Официально российское правительство выше политики. Хотя во времена бума эта тактика хорошо работала, с тех пор, как начался финансовый кризис, она парализует власть. Срочно необходима реформа, но как ее провести, не прибегая к политике? Неполитический период в России приближается к концу.
Партийная политика
Уже давно, с конца 1990-х годов, российское правительство нарочито отказывалось участвовать в публичной партийной политике. Однако сейчас перемены неизбежны. Свойство, которое помогало развеивать тревогу иностранных инвесторов относительно российского суверенного риска и страховать правительство от непредвиденных обстоятельств, само превратилось в ключевой фактор риска.

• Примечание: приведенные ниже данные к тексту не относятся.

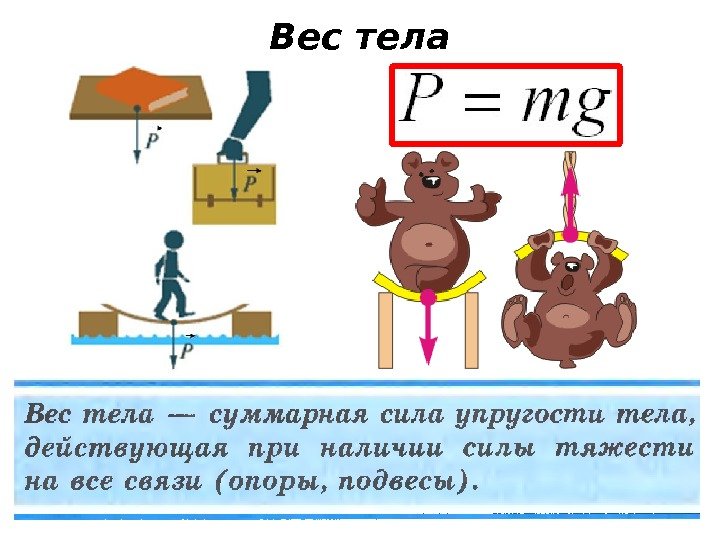 Вес тела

Проблемы с обсуждением будущей экономической траектории страны в московском Белом доме в этом году, по-видимому, связаны именно с этой причиной. Никто из участников дискуссии не занимает определенной политической позиции и не принадлежит к определенной политической группировке. В такой ситуации принимаемые решения обречены быть эклектичными, что только дополнительно осложняет ситуацию. Риски, связанные с «прагматическим» курсом президента Путина, нарастают.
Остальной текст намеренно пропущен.